Not only no shadows below the peeps, but none below the posts/railings to either side of them...I'm voting for sun behind clouds acting as the biggest softbox in the world.


----------



## jake337 (Oct 24, 2012)

pgriz said:


> I'd be wondering more why the people have no shadows below them...





Rick58 said:


> pgriz said:
> 
> 
> > I'd be wondering more why the people have no shadows below them...
> ...





snowbear said:


> I don't see shadows, anywhere - the sun could have behind some of those clouds.




You guys are trying to tell me you don't see those highly diffused shadows under them???


Step back from your monitor and try again.


----------



## runnah (Oct 24, 2012)

The rough edges appear to be from bad optics.


----------



## Ysarex (Oct 24, 2012)

Yep, I'd say a "shopped" in sky.


----------



## 2WheelPhoto (Oct 24, 2012)

Wow - Pic is an excellent illustration of "the purpose of polarizor filters for beautiful skies"


----------



## amolitor (Oct 24, 2012)

I vote "'shopped".

There's allegedly a strobe in play here which would account for some of the different light on the girls, but if there IS a strobe in play it appears to be above the girls and quite softened. If their chins cast shadows on their chests, their bodies should cast some shadows on the ground.

I am pretty confident that this is a composite of two photographs, neither of which used a flash. And good god, what an ugly mess it is.

ETA: The background appears to have more sharpening? compression? general uglification? artifacts than the girls do.


----------



## sm4him (Oct 24, 2012)

Maybe it is, maybe it isn't. Maybe the people are photoshopped in, instead. Maybe it's been polarized, and shopped and composited and sharpened and who knows what else.

I don't know--maybe it's just a fun exercise to pick it apart and analyze it to death, but for me, it's just not worth it.
This is a fun snapshot; someone wanted a fun little picture of these girls and (presumably) their mother, leaping into the air, at this location. They got that; how they got it is of no consequence to me.

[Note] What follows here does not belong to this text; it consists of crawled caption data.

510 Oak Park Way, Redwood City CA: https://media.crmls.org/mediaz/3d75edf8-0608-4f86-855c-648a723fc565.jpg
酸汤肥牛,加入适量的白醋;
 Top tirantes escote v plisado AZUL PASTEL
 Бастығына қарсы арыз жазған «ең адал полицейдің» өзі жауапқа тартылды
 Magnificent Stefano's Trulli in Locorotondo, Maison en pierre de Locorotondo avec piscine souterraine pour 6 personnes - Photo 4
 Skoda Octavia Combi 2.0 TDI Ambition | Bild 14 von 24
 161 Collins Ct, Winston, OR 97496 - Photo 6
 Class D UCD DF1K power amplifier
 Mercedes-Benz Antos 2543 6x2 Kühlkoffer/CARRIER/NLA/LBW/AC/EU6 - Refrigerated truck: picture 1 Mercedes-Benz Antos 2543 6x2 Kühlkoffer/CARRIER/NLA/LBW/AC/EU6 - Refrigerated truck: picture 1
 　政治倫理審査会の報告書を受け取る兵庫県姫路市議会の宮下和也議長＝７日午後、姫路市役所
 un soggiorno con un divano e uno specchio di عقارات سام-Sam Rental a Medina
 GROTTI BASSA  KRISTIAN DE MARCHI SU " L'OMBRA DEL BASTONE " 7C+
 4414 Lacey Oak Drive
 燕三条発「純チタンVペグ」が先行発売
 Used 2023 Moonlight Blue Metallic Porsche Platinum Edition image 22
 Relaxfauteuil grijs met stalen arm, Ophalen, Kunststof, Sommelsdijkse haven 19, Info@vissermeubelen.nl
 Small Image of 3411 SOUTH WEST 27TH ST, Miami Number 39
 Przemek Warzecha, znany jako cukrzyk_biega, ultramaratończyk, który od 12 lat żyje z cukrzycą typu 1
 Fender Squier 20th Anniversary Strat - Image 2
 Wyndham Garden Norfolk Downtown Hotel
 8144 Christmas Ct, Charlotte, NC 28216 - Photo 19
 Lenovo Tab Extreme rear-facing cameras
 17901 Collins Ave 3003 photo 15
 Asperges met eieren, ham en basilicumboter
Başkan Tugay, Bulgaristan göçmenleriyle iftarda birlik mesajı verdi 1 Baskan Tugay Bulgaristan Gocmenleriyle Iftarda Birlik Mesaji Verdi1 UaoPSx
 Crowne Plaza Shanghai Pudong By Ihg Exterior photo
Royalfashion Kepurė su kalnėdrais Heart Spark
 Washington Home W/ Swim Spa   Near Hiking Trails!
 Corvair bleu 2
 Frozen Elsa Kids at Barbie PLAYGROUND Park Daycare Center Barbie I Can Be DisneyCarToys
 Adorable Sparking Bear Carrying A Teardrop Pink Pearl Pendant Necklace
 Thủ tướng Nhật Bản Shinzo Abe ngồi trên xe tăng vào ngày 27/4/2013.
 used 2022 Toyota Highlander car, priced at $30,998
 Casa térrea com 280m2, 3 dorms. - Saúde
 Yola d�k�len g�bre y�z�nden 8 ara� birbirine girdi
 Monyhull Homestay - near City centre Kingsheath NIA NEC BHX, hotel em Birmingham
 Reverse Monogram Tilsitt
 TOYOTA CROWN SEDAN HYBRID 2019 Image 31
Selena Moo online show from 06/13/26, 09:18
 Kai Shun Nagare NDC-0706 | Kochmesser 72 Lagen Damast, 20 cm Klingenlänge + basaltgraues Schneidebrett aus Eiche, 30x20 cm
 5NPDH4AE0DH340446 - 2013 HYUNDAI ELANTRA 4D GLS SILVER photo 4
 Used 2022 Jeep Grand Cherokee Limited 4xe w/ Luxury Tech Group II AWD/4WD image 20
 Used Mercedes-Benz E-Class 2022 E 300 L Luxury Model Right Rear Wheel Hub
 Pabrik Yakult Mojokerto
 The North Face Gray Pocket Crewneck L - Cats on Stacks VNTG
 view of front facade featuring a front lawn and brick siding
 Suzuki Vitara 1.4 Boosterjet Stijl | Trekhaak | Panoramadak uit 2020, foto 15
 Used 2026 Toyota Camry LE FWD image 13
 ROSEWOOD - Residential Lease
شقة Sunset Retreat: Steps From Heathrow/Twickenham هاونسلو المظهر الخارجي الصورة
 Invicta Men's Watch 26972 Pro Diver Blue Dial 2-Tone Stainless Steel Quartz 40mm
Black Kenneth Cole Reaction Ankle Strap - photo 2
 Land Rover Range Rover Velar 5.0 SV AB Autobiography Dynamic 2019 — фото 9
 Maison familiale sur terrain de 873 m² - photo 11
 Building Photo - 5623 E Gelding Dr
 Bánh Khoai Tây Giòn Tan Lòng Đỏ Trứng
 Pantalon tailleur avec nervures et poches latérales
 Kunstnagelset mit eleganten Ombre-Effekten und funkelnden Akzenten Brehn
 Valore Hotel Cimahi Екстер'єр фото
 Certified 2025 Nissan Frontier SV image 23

</stops. Realizes how grouchy she sounds, and wanders off in search of more coffee/>


----------



## spacefuzz (Oct 24, 2012)

doesnt look photoshopped to me


----------



## lizbethR (Oct 24, 2012)

I think its just you an about the shadows i have taken pics like this and no shadows come up


----------



## MLeeK (Oct 24, 2012)

Guys, go look at it full size. It's not photoshopped. there is a slight darkness  under the people, but most of all there is motion blur in there and it shows. There's no way someone could have photoshopped that


----------



## Buckster (Oct 24, 2012)

ewick said:


> I was wondering if anybody else thinks this sky is photo shopped?


Only when examined very closely, which I wouldn't have done if you hadn't asked.  It's absolutely passable as is.


----------



## ewick (Oct 24, 2012)

Ok here is the back story. I shot a family portrait and after wards we decided to have fun. I have seen them before but never tried to do a " jumping" one my self. The day was over cast and I did use OCF with a shoot thru umbrella and I have no idea why my ISO was @ 800. I did CS5 the sky in and I would have used a more interesting sky but I did not have a better one to use.(not a fan of using stock images) the flash was high camera right. The file is straight out the camera just converted to jpg but other wise untouched. I did have to bring down the noise in post. I tried to make it as interesting as I possibly could and was debating turn this image over to them. If it could pass as not obviously shopped thenI am going to give it to her. I tried to cover all the points but if I missed something please feel free to share.Thank all of you for giving your point of view. 




]

 original by pop-a-dot, on Flickr[/IMG]
	

	
	
		
		

		
			





[/URL] long expo4 by pop-a-dot, on Flickr[/IMG]


----------



## ewick (Oct 24, 2012)

2WheelPhoto said:


> Wow - Pic is an excellent illustration of "the purpose of polarizor filters for beautiful skies"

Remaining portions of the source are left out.